● Source information:
++++++++++++++++++++

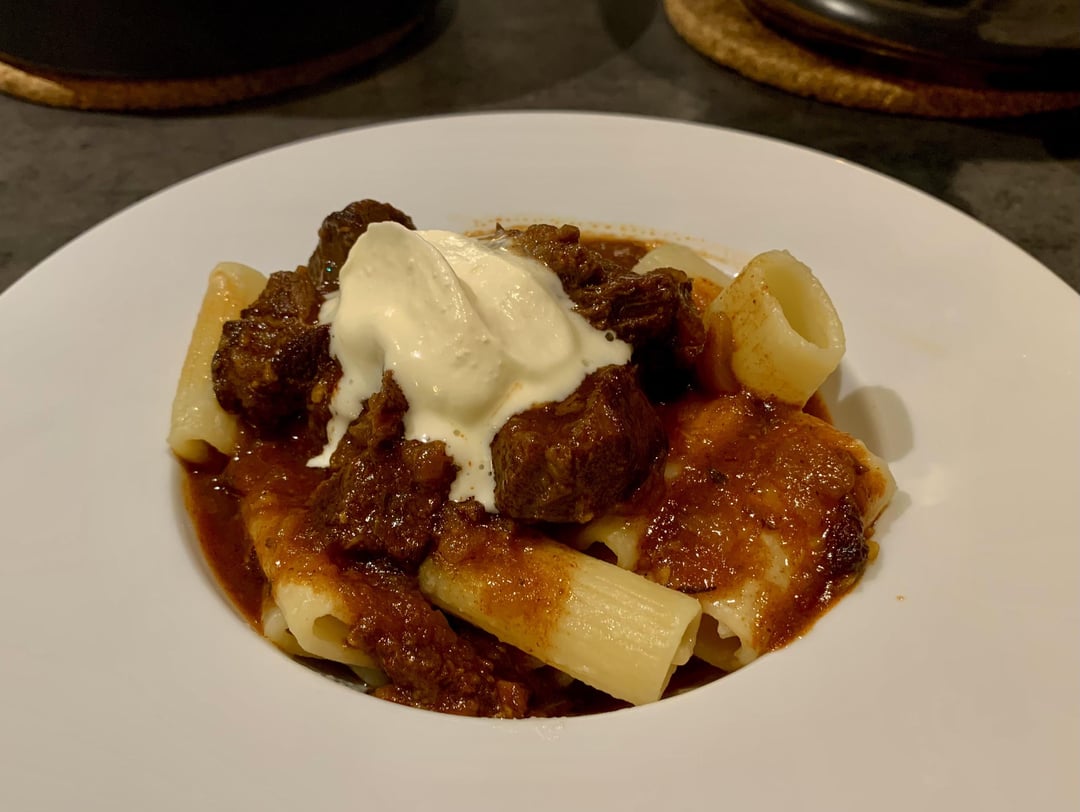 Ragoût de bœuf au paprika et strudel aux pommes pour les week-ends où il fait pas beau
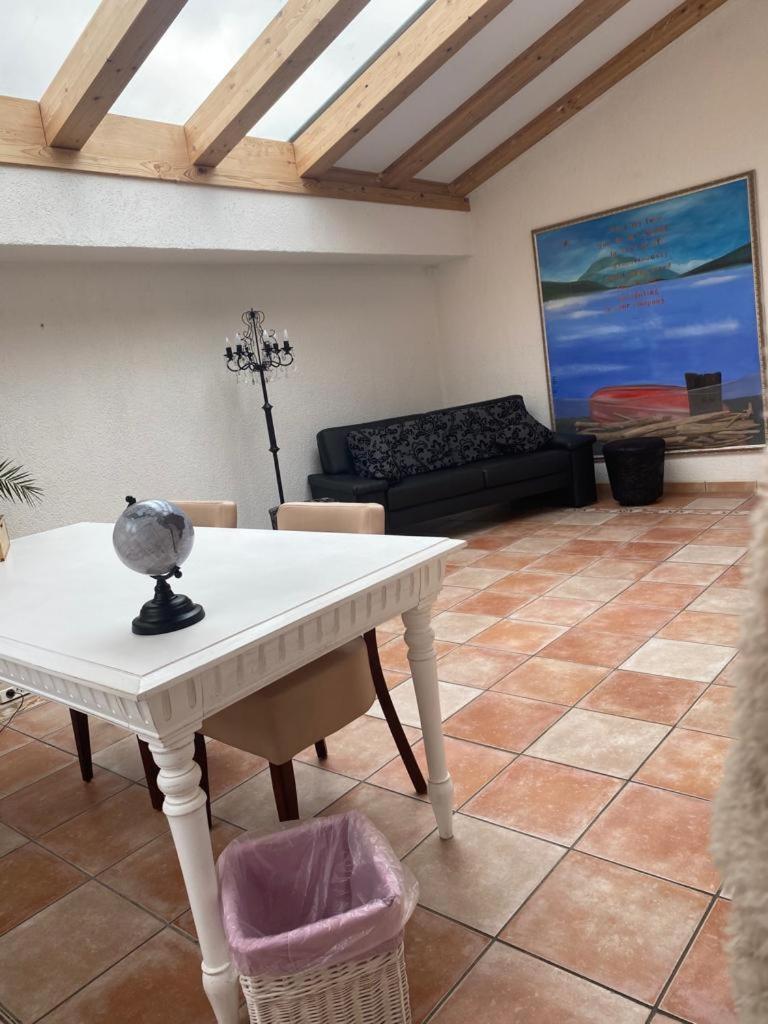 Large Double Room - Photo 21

++++++++++++++++++++

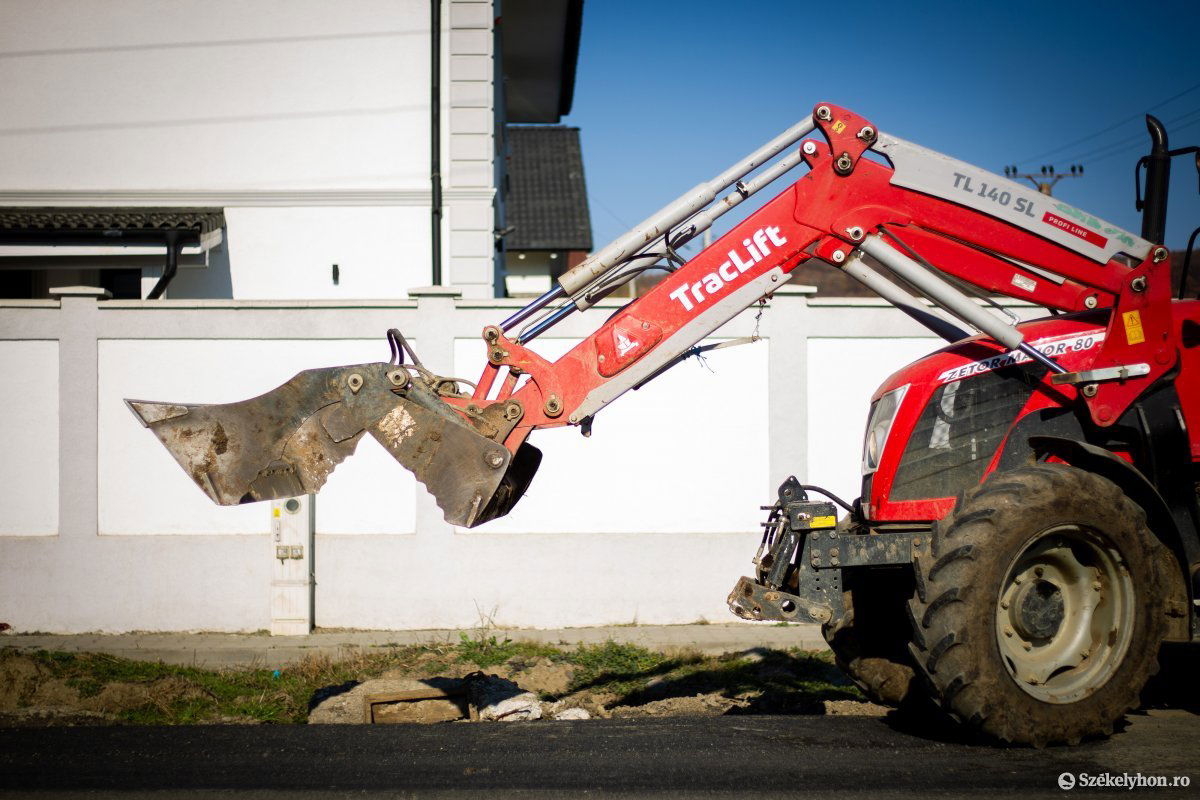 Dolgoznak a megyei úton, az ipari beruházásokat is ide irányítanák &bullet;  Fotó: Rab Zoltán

++++++++++++++++++++

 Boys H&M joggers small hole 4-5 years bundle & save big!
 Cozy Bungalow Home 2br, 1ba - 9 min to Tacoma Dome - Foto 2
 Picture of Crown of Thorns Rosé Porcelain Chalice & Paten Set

++++++++++++++++++++

● Task goal:
Write out the lines above from the one with "Ragoût de bœuf" through the one with "Large Double Room - Photo 21", ends included, exactly; no picture goes in.

● Output for this task:
 Ragoût de bœuf au paprika et strudel aux pommes pour les week-ends où il fait pas beau
 Large Double Room - Photo 21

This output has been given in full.